Back to the future? Time travel missing on Twitter

WASHINGTON (AP) — Time travelers, if they really exist, seem to be keeping their adventures to themselves.

Researchers with perhaps a bit too much time on their hands conducted an extensive Internet and social media search for evidence of time travelers going back in history and then bragging about it online.

And they came up empty. No real life Dr. Who or Marty McFly from "Back to the Future" tweeting secrets a bit early.

Spurred by idle chat during Thursday poker games, an astrophysicist and his students at Michigan Technological University in Houghton, Mich., searched for mentions of Pope Francis and Comet ISON before they popped into reality. Francis was elected pope last March and ISON was first detected in September 2012.

The idea: If someone mentions a Pope Francis in a 2011 tweet, Facebook post or blog item, then they must have come back from the future with special knowledge.

But no one posted anything prescient.

And last September, the researchers asked people to tweet "#Icanchangethepast2" — but do it before August, a month earlier. Again, no one did.

The disappointing results, rejected by three physics journals, will be presented Tuesday at the American Astronomical Society conference in Washington.

If someone went back in time and said something to hint about the future, it would prove the concept of time travel, said astrophysicist Robert Nemiroff.

He said this was merely summer fun that cost nothing to do.

"This wasn't a major research push," Nemiroff said Monday at the astronomy meeting. "This was typing things into search engines. Billions of dollars are spent on time travel movies and books and stuff like that. This probably costs less than a dollar to check on it."

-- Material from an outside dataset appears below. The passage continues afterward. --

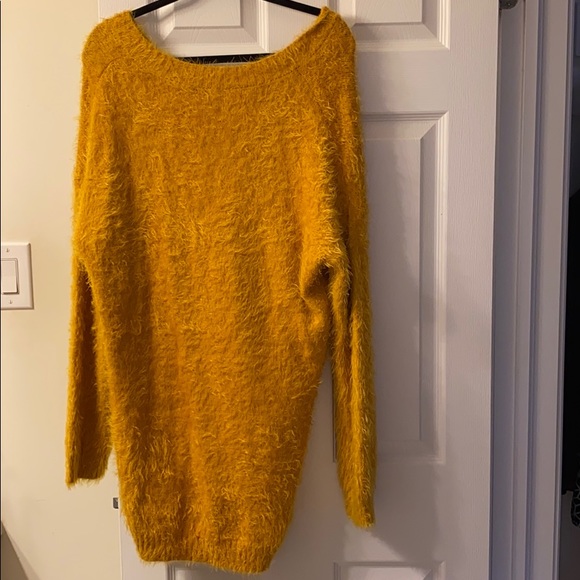 baggy sweater - Picture 2 of 2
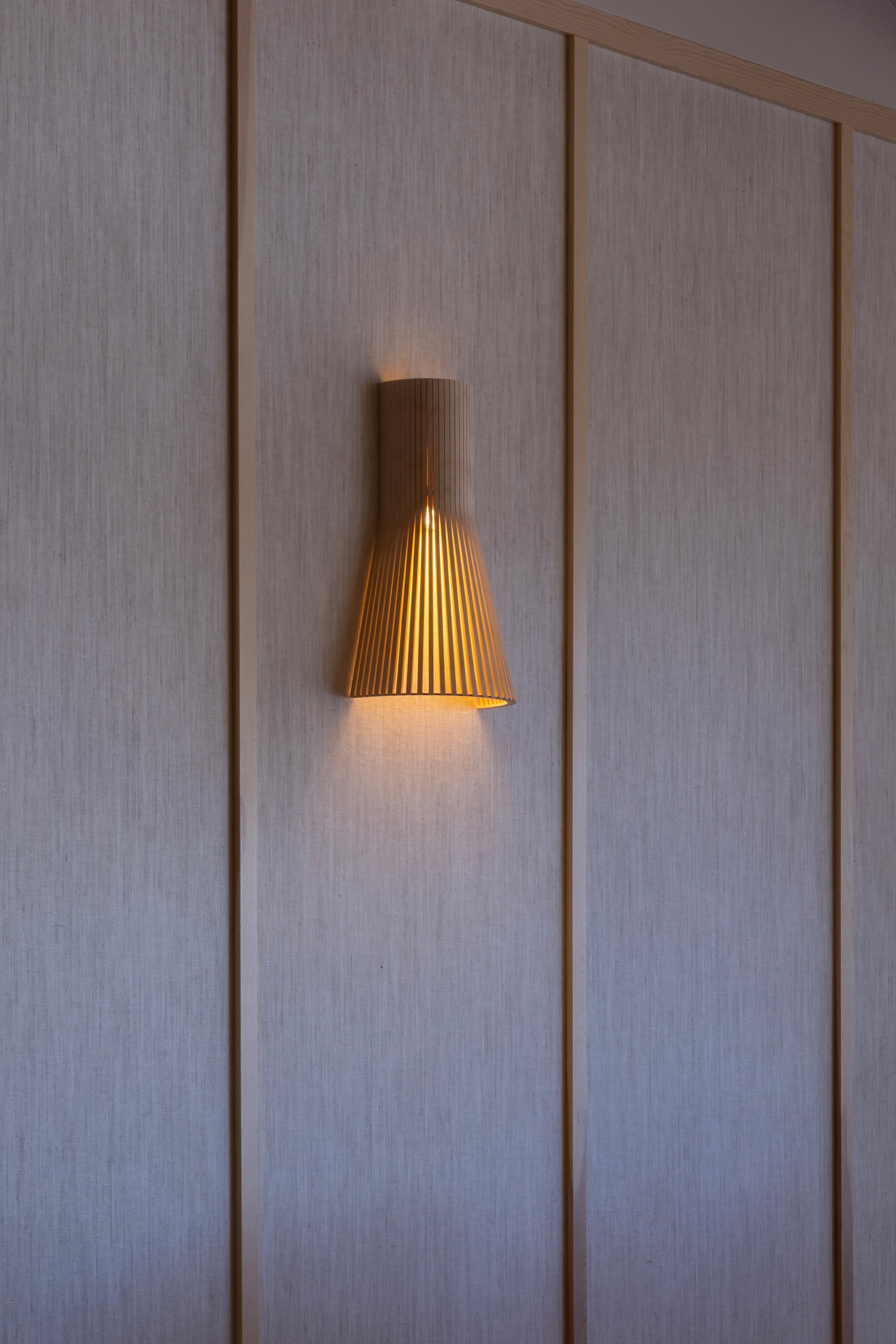 Secto SECTO 4231 -seinävalaisin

Nemiroff said this isn't his normal field and he didn't much believe in traveling backward in time before — and believes less in it now. "Unless I go back (in time) and publish lots of papers," he joked.

Other scientists didn't quite take it too seriously either.

Harvard astronomer Avi Loeb said in an email, "as anyone who uses online dating knows, the Internet is the last place to find the truth about the physical reality."